WORK ITEM: After locating "Yaheetech Black Accent" in the listing below, copy that line and each one after it exactly, ending with the line that has "Labels sheet with".

_____

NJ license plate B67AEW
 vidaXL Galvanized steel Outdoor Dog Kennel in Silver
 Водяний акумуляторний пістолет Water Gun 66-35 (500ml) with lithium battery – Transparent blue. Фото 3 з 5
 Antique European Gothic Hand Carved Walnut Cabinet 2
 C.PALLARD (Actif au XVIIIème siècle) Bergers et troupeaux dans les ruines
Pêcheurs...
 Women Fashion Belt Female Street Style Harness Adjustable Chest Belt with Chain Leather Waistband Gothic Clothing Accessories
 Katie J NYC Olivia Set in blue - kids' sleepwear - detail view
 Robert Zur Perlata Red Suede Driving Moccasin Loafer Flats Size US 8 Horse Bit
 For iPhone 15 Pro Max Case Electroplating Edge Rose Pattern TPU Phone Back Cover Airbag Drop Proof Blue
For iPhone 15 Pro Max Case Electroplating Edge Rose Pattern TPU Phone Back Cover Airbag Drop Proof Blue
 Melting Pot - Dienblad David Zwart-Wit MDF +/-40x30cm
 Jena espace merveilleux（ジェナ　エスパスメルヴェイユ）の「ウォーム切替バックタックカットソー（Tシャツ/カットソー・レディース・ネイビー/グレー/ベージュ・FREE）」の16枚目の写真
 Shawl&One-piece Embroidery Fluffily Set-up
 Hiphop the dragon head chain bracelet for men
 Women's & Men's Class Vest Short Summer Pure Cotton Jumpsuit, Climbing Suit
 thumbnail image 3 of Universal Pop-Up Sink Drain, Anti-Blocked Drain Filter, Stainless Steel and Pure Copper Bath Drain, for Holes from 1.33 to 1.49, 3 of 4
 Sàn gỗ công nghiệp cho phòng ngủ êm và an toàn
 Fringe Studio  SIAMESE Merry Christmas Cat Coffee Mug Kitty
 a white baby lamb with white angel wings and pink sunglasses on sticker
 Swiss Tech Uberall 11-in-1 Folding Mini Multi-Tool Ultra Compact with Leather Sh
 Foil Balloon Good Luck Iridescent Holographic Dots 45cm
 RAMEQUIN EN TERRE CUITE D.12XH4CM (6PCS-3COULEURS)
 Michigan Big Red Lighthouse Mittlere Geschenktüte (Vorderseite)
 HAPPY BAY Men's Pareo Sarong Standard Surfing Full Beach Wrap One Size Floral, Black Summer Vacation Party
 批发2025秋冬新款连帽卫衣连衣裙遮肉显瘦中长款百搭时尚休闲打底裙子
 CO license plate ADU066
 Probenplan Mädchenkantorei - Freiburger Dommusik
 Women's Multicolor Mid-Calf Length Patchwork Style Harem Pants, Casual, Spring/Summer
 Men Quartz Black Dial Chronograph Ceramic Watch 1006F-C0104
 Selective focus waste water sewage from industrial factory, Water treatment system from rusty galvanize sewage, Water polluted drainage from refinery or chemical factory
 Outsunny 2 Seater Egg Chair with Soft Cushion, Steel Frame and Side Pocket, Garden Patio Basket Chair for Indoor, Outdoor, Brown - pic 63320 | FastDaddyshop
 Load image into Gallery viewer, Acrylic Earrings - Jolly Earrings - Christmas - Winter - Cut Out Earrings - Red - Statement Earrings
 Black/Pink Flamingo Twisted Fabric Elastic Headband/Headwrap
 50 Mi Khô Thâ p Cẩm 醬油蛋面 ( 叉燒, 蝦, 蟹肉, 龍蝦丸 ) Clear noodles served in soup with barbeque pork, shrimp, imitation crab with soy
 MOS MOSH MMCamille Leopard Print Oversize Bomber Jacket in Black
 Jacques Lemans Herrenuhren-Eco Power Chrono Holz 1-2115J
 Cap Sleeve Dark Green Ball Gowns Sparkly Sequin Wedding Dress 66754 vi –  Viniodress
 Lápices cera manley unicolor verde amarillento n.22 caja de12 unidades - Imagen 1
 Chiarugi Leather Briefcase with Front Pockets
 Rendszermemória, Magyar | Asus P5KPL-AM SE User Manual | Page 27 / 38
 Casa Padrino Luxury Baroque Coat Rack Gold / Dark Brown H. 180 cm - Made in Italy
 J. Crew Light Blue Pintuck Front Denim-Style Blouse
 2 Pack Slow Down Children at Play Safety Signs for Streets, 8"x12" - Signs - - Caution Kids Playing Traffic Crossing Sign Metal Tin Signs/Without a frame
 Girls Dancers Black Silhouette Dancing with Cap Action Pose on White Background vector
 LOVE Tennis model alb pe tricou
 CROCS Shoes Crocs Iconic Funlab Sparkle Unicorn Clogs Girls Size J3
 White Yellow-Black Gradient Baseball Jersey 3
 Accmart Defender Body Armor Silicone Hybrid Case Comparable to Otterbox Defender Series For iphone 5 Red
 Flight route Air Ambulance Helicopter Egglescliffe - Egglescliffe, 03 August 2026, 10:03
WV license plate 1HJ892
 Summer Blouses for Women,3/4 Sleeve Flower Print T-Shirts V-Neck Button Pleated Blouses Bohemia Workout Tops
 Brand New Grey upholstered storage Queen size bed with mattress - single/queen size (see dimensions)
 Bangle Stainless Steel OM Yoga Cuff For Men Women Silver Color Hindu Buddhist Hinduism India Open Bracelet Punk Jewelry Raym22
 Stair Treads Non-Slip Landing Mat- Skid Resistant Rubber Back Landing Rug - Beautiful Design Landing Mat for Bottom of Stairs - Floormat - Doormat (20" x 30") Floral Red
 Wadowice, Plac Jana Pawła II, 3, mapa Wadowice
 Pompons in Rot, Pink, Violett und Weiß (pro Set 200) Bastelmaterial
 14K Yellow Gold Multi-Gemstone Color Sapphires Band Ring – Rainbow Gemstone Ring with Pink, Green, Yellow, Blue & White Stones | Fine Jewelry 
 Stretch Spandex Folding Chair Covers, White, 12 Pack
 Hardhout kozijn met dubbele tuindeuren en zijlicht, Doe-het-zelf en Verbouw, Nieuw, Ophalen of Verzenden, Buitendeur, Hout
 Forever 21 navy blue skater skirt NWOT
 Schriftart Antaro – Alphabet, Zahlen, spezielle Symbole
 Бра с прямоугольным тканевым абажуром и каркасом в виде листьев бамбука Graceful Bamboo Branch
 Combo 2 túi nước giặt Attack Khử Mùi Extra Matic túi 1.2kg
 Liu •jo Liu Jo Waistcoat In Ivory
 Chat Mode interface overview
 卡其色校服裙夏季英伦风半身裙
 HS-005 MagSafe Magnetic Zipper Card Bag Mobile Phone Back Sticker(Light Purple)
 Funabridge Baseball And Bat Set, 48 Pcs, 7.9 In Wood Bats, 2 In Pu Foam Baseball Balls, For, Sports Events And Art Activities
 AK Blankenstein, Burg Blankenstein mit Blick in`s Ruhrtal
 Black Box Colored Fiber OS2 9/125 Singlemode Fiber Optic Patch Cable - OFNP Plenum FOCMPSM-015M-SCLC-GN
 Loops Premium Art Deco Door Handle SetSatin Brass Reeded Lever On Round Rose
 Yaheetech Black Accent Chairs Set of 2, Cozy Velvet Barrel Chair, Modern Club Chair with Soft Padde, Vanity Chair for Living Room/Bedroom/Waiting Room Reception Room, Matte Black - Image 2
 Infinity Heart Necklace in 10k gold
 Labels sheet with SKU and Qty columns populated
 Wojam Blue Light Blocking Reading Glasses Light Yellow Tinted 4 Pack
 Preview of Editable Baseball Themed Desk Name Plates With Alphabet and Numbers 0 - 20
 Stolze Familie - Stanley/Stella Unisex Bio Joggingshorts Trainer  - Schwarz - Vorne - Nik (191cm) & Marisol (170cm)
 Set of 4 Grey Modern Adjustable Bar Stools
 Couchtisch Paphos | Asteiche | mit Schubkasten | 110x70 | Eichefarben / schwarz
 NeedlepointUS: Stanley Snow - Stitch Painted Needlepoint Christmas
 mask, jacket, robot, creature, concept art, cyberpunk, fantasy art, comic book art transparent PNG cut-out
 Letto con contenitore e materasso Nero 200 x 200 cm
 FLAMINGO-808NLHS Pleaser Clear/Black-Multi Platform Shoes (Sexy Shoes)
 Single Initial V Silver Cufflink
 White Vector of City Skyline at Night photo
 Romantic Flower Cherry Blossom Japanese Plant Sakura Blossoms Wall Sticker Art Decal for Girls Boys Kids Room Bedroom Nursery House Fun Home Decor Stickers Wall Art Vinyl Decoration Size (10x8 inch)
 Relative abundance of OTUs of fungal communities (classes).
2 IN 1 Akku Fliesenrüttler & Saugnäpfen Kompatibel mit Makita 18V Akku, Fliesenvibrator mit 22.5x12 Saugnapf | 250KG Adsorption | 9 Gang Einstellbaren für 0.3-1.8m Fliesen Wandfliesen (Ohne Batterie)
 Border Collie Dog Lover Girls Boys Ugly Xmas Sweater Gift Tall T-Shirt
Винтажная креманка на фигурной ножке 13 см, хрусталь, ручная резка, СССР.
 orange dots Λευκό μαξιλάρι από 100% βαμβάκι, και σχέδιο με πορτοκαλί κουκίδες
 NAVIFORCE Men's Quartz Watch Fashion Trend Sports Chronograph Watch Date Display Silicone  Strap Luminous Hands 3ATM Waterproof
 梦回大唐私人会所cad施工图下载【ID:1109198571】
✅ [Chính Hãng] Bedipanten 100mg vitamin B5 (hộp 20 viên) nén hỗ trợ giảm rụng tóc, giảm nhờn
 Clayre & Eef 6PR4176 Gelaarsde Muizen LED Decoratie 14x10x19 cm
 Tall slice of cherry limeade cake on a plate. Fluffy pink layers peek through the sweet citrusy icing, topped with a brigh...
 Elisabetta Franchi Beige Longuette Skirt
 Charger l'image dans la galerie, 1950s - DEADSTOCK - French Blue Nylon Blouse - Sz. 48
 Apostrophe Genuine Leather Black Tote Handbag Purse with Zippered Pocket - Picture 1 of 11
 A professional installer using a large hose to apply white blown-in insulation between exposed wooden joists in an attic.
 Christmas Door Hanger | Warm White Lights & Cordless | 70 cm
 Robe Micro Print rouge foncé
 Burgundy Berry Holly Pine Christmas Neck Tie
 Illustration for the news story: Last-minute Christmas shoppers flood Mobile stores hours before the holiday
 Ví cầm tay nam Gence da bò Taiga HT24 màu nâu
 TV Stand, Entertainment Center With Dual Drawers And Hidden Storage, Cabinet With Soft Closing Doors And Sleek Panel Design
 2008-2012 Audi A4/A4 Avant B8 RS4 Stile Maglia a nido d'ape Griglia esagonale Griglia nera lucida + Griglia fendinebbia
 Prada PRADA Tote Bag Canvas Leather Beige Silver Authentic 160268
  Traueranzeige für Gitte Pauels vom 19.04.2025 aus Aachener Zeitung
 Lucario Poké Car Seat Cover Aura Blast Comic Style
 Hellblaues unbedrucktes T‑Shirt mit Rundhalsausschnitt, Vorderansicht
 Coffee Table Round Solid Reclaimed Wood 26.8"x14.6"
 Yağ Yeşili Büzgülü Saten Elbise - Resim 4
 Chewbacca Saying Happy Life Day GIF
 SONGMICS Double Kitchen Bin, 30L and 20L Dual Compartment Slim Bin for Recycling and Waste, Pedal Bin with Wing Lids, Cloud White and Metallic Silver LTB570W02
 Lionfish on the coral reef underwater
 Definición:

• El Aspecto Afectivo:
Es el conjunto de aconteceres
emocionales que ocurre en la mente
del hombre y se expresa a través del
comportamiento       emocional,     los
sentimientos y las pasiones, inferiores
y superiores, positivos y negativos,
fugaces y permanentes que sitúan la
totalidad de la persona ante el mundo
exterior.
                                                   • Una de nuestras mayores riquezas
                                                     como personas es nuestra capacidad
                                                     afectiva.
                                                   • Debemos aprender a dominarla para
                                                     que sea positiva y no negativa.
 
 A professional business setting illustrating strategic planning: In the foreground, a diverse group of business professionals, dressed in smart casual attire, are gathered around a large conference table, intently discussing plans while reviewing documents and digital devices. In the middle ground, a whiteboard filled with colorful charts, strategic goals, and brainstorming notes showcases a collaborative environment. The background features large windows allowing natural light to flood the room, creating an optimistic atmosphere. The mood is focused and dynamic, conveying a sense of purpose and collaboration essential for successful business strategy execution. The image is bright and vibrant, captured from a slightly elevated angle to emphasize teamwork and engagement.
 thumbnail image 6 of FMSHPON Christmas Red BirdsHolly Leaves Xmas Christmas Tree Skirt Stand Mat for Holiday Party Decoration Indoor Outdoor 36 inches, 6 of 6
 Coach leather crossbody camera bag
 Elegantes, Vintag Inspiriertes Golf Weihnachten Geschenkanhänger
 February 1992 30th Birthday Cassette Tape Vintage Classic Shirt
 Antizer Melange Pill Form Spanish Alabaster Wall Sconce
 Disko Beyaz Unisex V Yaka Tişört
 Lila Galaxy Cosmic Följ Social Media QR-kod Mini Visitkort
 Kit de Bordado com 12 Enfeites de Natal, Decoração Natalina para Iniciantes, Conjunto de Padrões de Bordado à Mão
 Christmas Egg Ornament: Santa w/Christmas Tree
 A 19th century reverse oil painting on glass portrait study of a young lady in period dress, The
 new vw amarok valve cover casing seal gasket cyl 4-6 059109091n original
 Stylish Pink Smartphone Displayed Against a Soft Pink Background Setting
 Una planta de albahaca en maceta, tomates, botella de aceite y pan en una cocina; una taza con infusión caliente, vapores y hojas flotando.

_____

ANSWER SECTION:
 Yaheetech Black Accent Chairs Set of 2, Cozy Velvet Barrel Chair, Modern Club Chair with Soft Padde, Vanity Chair for Living Room/Bedroom/Waiting Room Reception Room, Matte Black - Image 2
 Infinity Heart Necklace in 10k gold
 Labels sheet with SKU and Qty columns populated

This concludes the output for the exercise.